Upon James’ death, Richard filed a petition to be appointed as administrator of James’ estate. Edith Stoddard (“Edith”), James’ sister, filed a competing petition and prevailed. Pursuant to Probate Code Section 9351, Richard timely filed a creditor’s claim against James’ estate based on James’ promise that he would always “take care” of Richard. On May 19, 2011, the estate formally rejected Richard’s claim, clearing the way for Richard to initiate a lawsuit against James’ estate.
On August 18, 2011, ninety-one days after his claim was rejected, Richard filed his lawsuit against James’ estate in the probate court. The estate defended, claiming that Richard’s lawsuit was not filed within the 90 day deadline set by Section 9353. Under Section 9353, a lawsuit on a rejected claim must be filed within 90 days from the date of rejection. Because Richard missed the 90 deadline by one day, the estate argued that Richard’s lawsuit was untimely and was, therefore, barred. The trial court agreed and dismissed Richard’s lawsuit. Richard appealed.
On appeal, the appellate court noted that there was an inherent conflict between Section 9353, which sets a 90 day deadline in which to file a lawsuit on a rejected claim, and Section 366.3, which sets a deadline of one year from the decedent’s date of death in which to file a lawsuit for breach of a promise or agreement to make a distribution from an estate or trust.

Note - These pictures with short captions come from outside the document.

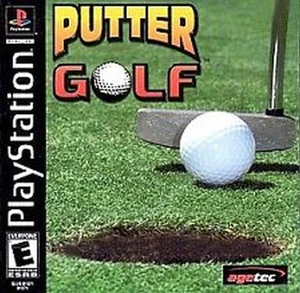 Putter Golf NEW factory sealed Sony PlayStation PSX PS1 CRACKED DAMAGED CASE - Picture 1 of 1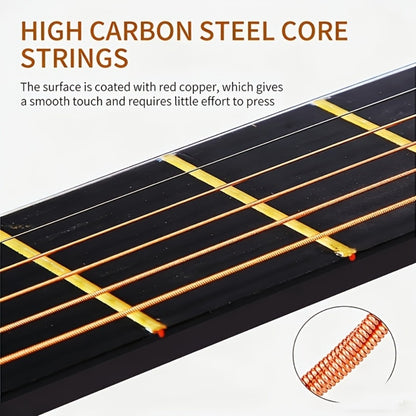 Acoustic Guitar, Starter, Kit, 38-Inch for Lessons and Practice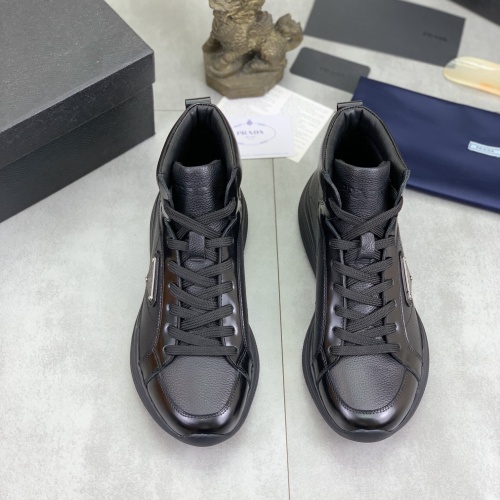 Replica Prada High Top Shoes For Men #1266058 $105.00 USD for Wholesale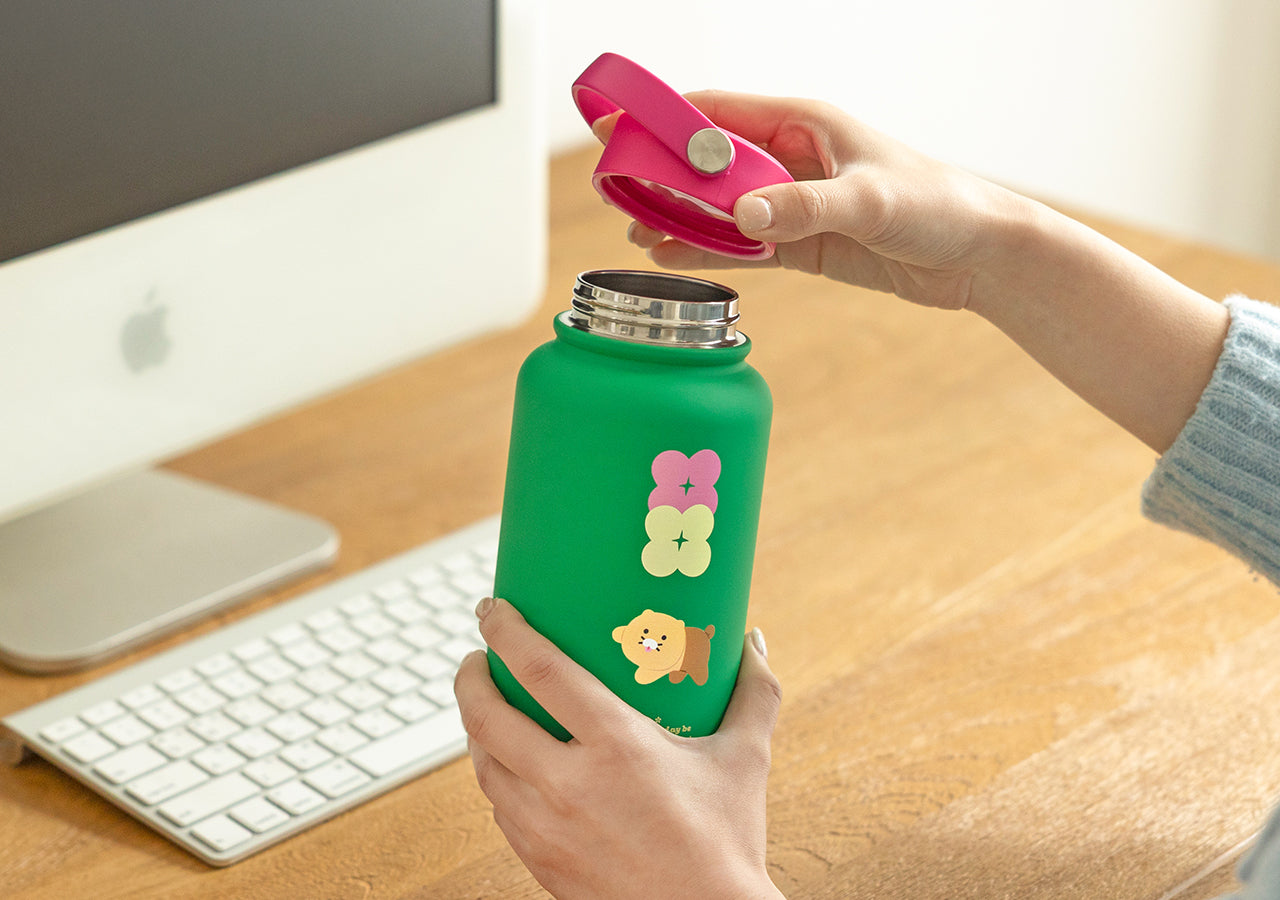 Chunsik Tumbler Green - Korean kawaii Kakao Friends | Koolseoul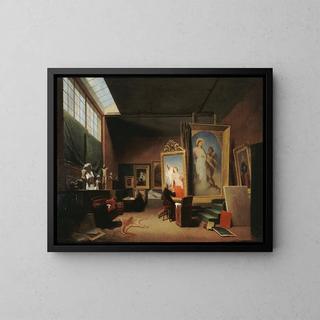 Atelier d'Arcy Scheffer, rue Chaptal - Arie Johannes Lamme — framed artwork on a wall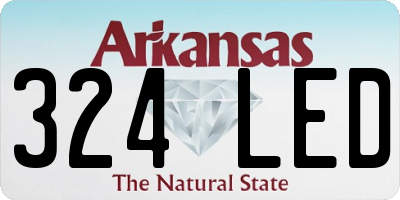 AR license plate 324LED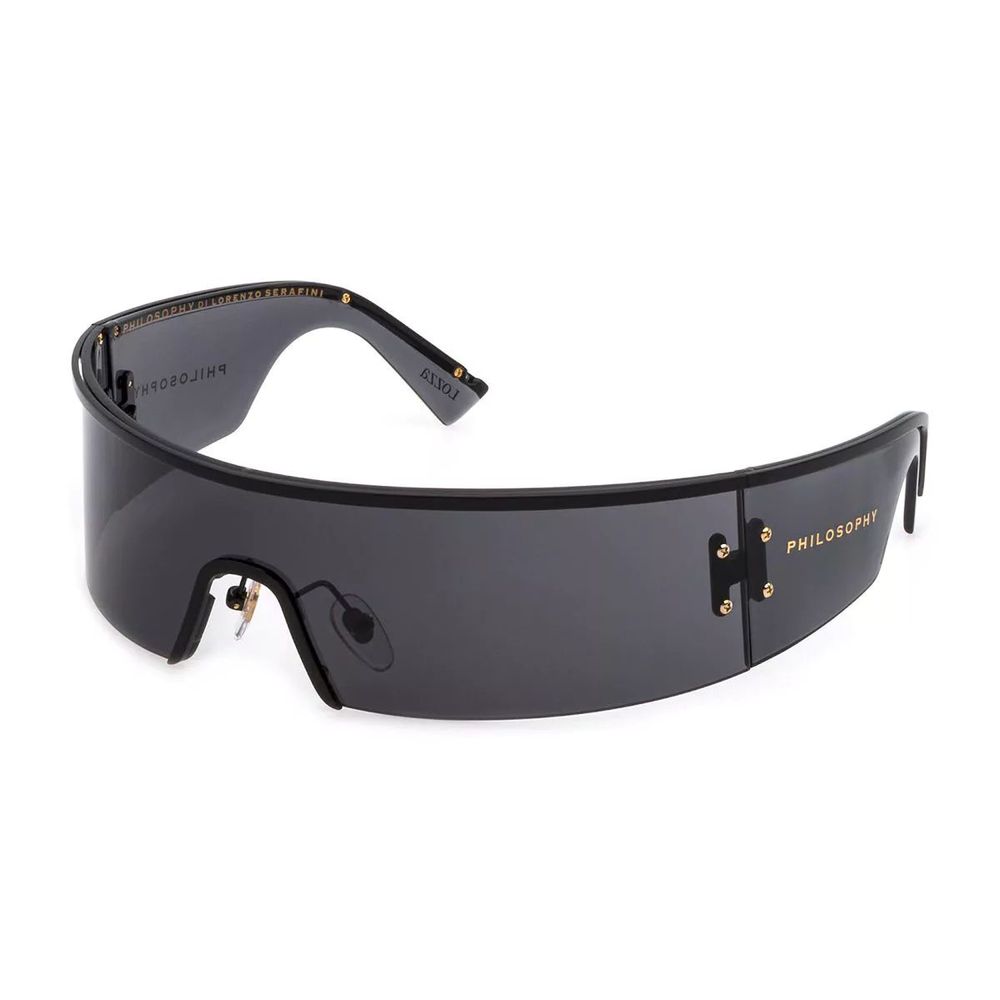 Lozza Black Metal Sunglasses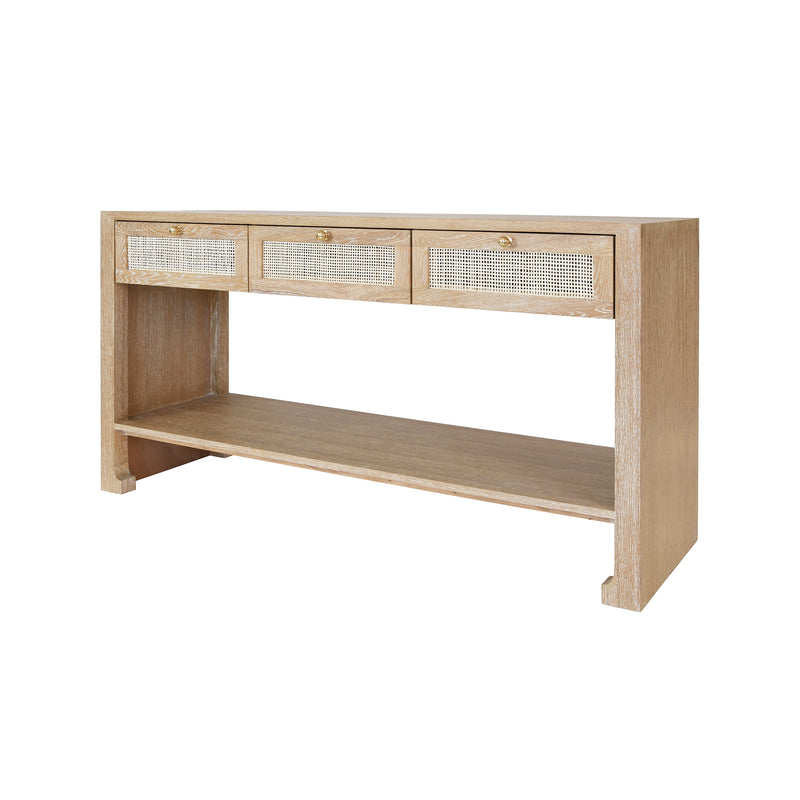 ROSALYN CERUSED OAK CONSOLE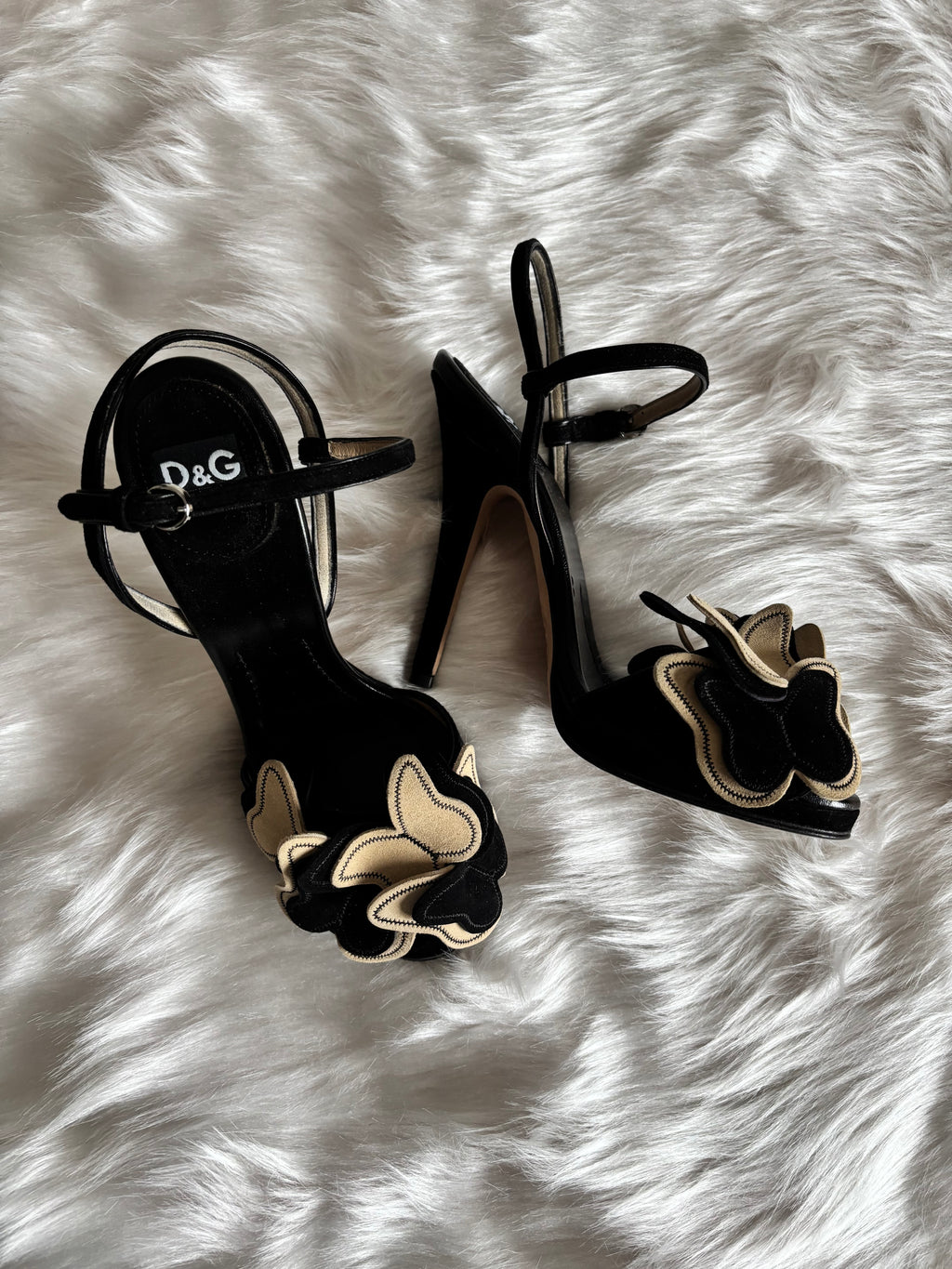 D&G Süet Topuklu Ayakkabı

The question for the appellate court was, which deadline controls? If the 90 day deadline set by Section 9353 controlled, then Richard was out of luck as he filed his lawsuit 91 days after his claim was rejected. However, if the one year statute in Section 366.3 controlled, then Richard’s suit was timely filed and therefore not barred.
The appellate court determined that, as the newer and more specific of the two statutes, Section 366.3, with its one-year-from-date-of-death deadline, trumped Section 9353’s 90-day-from-date-of-rejection deadline. Thus, in matters involving a breach of promise to make a will or distribution from a trust, where a timely filed claim has been filed and rejected, the deadline to file a lawsuit is not 90 days from the date of the claim’s rejection but one year from the date of death of the decedent. Since Richard had filed his lawsuit within one year from the date of James’ death, his lawsuit was not time barred despite the fact that he had filed it later than 90 days after his creditor’s claim was rejected. The trial court’s decision was thus reversed and Richard’s lawsuit lived to see another day.
What it Means to You
The determination by the Allen court that Section 366.3, and not Section 9353, applies in these situations can present a trap for the unwary. For instance, let’s say a timely claim has been filed in a case involving breach of a promise to make a will and the claim is rejected 11 months after the decedent’s death. If the claimant is unaware that the one-year-from-date-of-death deadline of Section 366.3 controls, and instead relies on the 90 day deadline set forth in Section 9353, he or she could file the lawsuit within 90 days but after expiration of the one year deadline and thus be time barred.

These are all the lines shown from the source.